The Feb. 4 special section of Tire Business focused on OTR and farm tires. I was asked to tailor my column to this subject as well.
Now, I have to tell you that I don't know much about farming, but I did grow up in the Garden State (New Jersey), which is home to a lot of truck farms. (No, they don't grow trucks. They grow vegetables for the market.)
While my family lived in suburbia, I did see a lot of farms that my parents pointed out during car excursions around the state and also visited some dairy farms that sold ice cream during these formative adventures.
However, my eldest sister, Jean, graduated from Rutgers University with a degree in nursing in 1958. Her first job was as a visiting nurse to farmers in southern New Jersey. She provided health care to these farmers and the migrant workers who lived and worked for them temporarily on their farms.
I shall never forget the day she brought home a piglet that a farmer had given her as thanks for the care she had given his family and workers. She promptly gave the baby pig to me (age 8) and my next elder sister, Linda, who was 10.
If you didn't know this already, pigs smell really bad, so my mother told us we could not bring the pig into the house until it had a bath and smelled a whole lot better.
So we gave the pig a bath in the garage and raided the bathroom medicine cabinet for every bottle of perfume, cologne, aftershave and toilette water it had and dumped it all on the pig after scrubbing it with lots of soap and water.

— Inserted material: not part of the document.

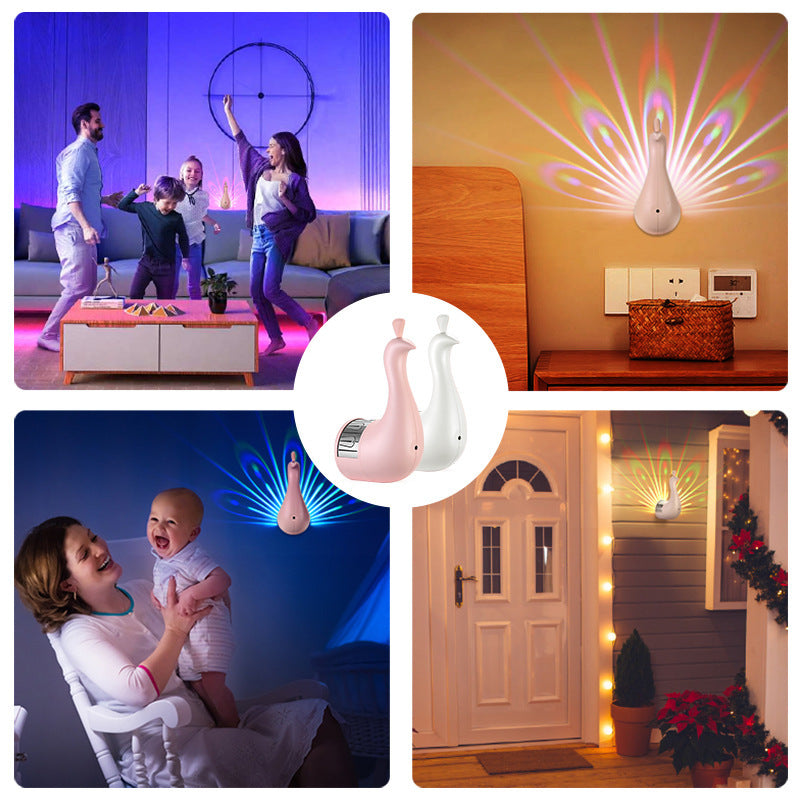 Mosrugs | GlowyPeacock – Colourful 3D Wall Lamp with Remote Control and Timer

Have you heard the expression, "You can put lipstick on a pig, but it's still a pig"?
Well, there's another truism I discovered: "You can put perfume on a pig, but it still smells like a pig."
We named that pig, kept it in the garage, walked it up and down the street on a leash and gave it loads of love and attention, but by the end of the week Jean had to return it to the farmer.
We also had a rooster sometime later. We named it, kept it in the garage, walked it up and down the street on a leash, and gave it loads of love and attention but by the end of week, it too was returned to the farmer. And that is as close as I have ever been to being a farmer.
So I thought what would be interesting is to learn something about farming and specifically farm tires and share that information with you.
Early lessons
Farming is hard work (don't I know it). It takes a lot of power to force a plow through tough soil and turn it over, to push a seed into the ground and make it grow, to water the crops when it doesn't rain, to chop down the weeds that grow with the crops, harvest the crops and separate the wheat from the chaff and the corn from the husk.
In the olden days, all this work was done by farmers, their families and their horses and/or mules. but in the early part of the 20th century, machines began replacing animals.
In fact, by the 1930s, machines were being developed for every step of the growing process. Plows were mounted directly to tractors so they could be lifted out at the end of a row; grain drills and corn planters got better at distributing seed accurately and quickly; the tricycle tractor was invented that enabled farmers to drive cultivators through closely spaced rows, and in 1935 the first wheat combine that could be operated by just one man was invented.
Advances in steel manufacturing resulted in stronger and cheaper steel so many implements like harrows, used to break up dirt clods and root up weeds, that were made primarily out of wood with steel teeth mounted in them, were replaced with machines built completely from steel.